Task input

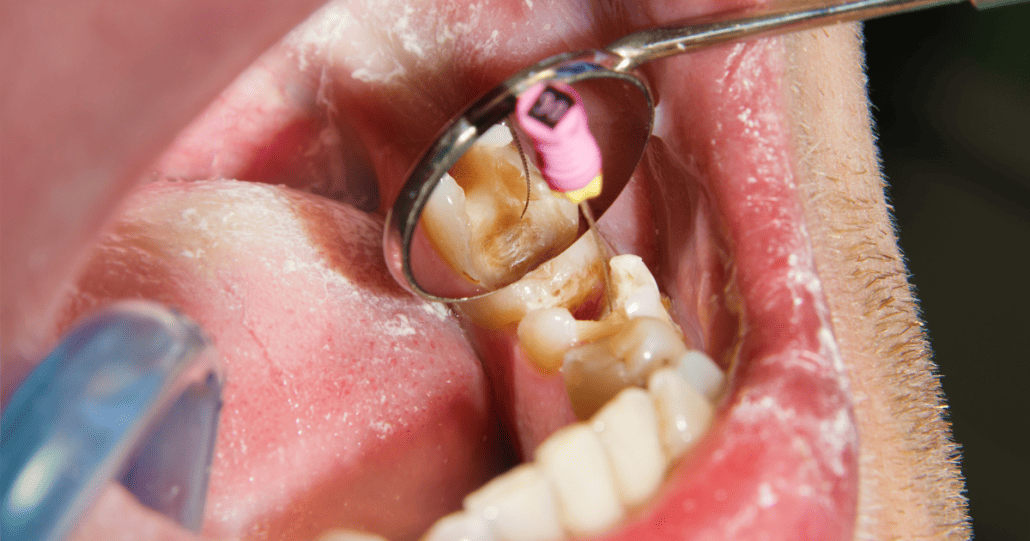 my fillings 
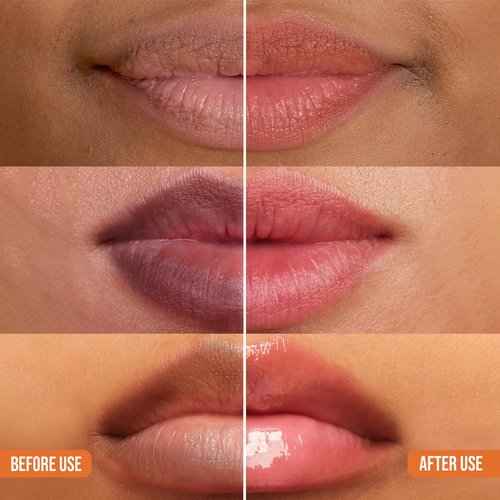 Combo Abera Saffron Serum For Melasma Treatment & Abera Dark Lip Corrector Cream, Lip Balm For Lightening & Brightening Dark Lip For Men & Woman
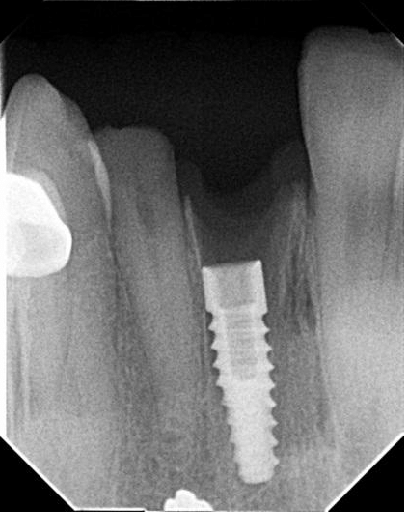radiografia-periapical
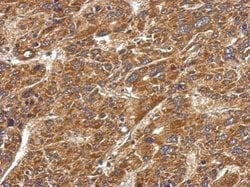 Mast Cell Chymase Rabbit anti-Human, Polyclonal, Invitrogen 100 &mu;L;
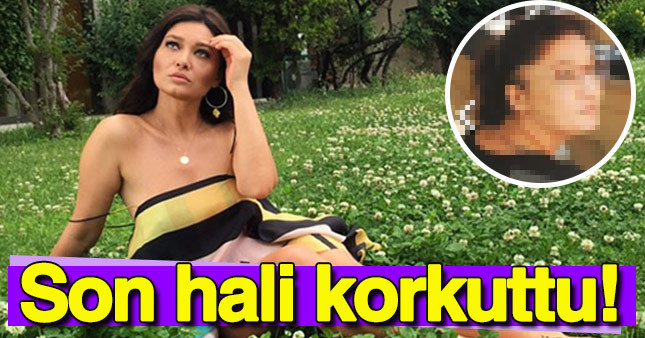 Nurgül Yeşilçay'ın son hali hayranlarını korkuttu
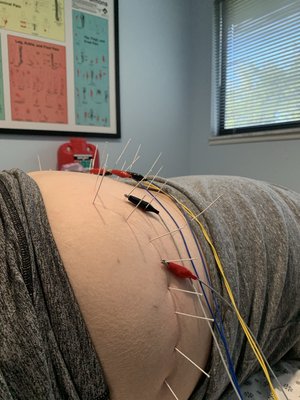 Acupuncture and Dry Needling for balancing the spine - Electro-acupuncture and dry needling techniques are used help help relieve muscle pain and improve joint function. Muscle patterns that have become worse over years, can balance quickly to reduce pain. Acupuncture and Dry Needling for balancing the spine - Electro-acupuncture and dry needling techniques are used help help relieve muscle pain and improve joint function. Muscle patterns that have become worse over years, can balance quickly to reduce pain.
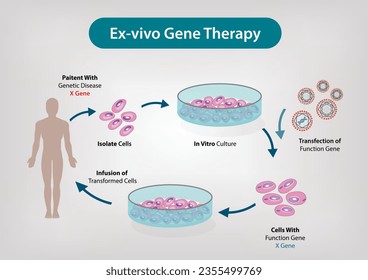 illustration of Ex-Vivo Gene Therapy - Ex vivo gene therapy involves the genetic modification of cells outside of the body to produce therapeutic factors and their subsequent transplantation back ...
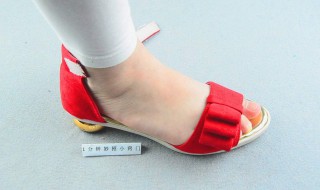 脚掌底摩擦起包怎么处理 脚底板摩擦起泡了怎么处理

Task goal
Output nothing but the entries above, exactly, once the pictures are removed.

Response to this exercise
 my fillings 
 Combo Abera Saffron Serum For Melasma Treatment & Abera Dark Lip Corrector Cream, Lip Balm For Lightening & Brightening Dark Lip For Men & Woman
radiografia-periapical
 Mast Cell Chymase Rabbit anti-Human, Polyclonal, Invitrogen 100 &mu;L;
 Nurgül Yeşilçay'ın son hali hayranlarını korkuttu
 Acupuncture and Dry Needling for balancing the spine - Electro-acupuncture and dry needling techniques are used help help relieve muscle pain and improve joint function. Muscle patterns that have become worse over years, can balance quickly to reduce pain. Acupuncture and Dry Needling for balancing the spine - Electro-acupuncture and dry needling techniques are used help help relieve muscle pain and improve joint function. Muscle patterns that have become worse over years, can balance quickly to reduce pain.
 illustration of Ex-Vivo Gene Therapy - Ex vivo gene therapy involves the genetic modification of cells outside of the body to produce therapeutic factors and their subsequent transplantation back ...
 脚掌底摩擦起包怎么处理 脚底板摩擦起泡了怎么处理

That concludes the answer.